We just bought a house with gorgeous original hardwood flooring on the main level that are in great shape. The issue is that we discovered the flooring does not continue under the awful kitchen linoleum. The kitchen is open to the living area, and while we know it would look best to redo the entire main floor, we're on a budget and looking for a temporary option. If we redid the kitchen only, would tile or a different hardwood be the best option? I don't love tile, but I wonder if dueling hardwood floors may be worse. Any ideas? |
We expanded our kitchen recently, removing old linoleum and put in hardwood to match the rest of the house. You'd have to look really, really closely you to tell where the new floor starts. I really like having the same flooring throughout the main level. |
Just do the kitchen in hardwood. As another poster said, they can do an almost perfect match (we've done this before and in mid-process of doing it again as we speak). If you put down cheap tile in the kitchen, it will still cost like $5 or more a square foot including install. You can get a midlevel hardwood for $10/sf including install. Assuming your kitchen is 15x15 feet (a pretty decent sized kitchen), you're only talking about $1100 extra to do the kitchen right with hardwood. Now maybe the original hardwood is something so crazy special that it's like $20/sf -- the extra cost is still only $3300 which is so worth it for something as fundamental as the kitchen flow through flow. But if you don't want to spend that, ask the floor guy if they can do a midgrade wood that is a 95% match to the original floor. But I'm trying to think what original floor wouldn't be cheap to match to. Most of the old hardwoods were pine and oak - which are not expensive. |
When we asked at Home Depot about matching original floors, the guy said they usually put down unfinished wood and then refinish and restain the rest of the floors so they all match ($$$$).

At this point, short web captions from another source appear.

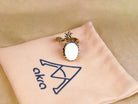 Moonstone ring on pouch branding jewelry presentation aesthetic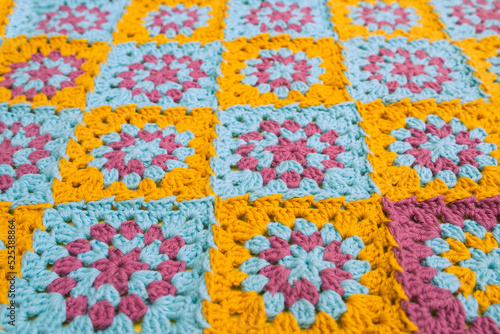 Side view of multicolored crochet granny squares, seamed together in a blanket. © Uliana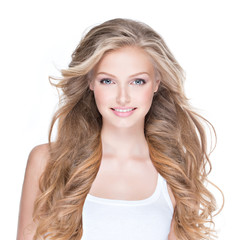 Beautiful happy woman with long curly hair.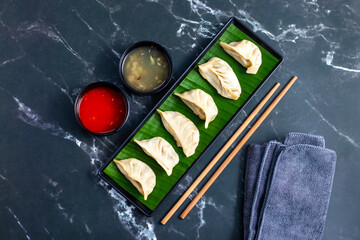 Momo are steamed or fried dumplings filled with meat or vegetables, popular in Nepal, Tibet, and Bhutan, served with spicy chutney.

But...this was the flooring counter guy at Home Depot, not a contractor or installer. If close enough is close enough, just pick up a handful of samples in the right width and find the closest match. |
If money were a really big issue, I would put down an inexpensive but attractive vinyl that is easy to pull back up again over the linoleum, save my money for awhile, then match the hardwood later. |
But it's still not that much to strip and restain floors. The biggest cost with floor installation is the wood and the installation. The stripping and staining is the cheap part. |
Of all the people who have tried to match hardwood, I only know one person who it was successful. It never matches and always costs more.
Just go for title (or the vinyl flooring). Especially if you have kids. Kids and pets will ruin hardwoods - just go vinyl and wipe up the mess. They make messes longer than you want to think! In 10 years match the floors. |
OP, we had the same issue and were able to get the kitchen hardwoods to match beautifully. |
I added hardwood to all my second floor bedrooms. The stair and hallways were already hardwood. They laid the new floor and cut in the wood to the original hardwood. They then buffed and stained the new wood (and sanded and stained a portion of the old wood, but not all of it). I would defy anyone to see where the woods were joined.
I think a lot of it depends on what type of hardwood was used originally and how the house is. If the house is less than 15 years, it should be really, really easy to match the wood. If it is older, it will be slightly more tricky, but still doable. |
How much did this cost? |
Not the OP, but how does hardwood in the kitchen perform over time? Do you need to use a special sealant or finish? |
What I would do -- if you really want wood throughout... get hardwood installed in the kitchen, using unstained wood, same type of wood as the rest of the house (i.e. if the rest of the house is Oak, use oak). The materials will be relatively inexpensive through lumber liquidators, but installation is expensive and may involve moving cabinets at this stage.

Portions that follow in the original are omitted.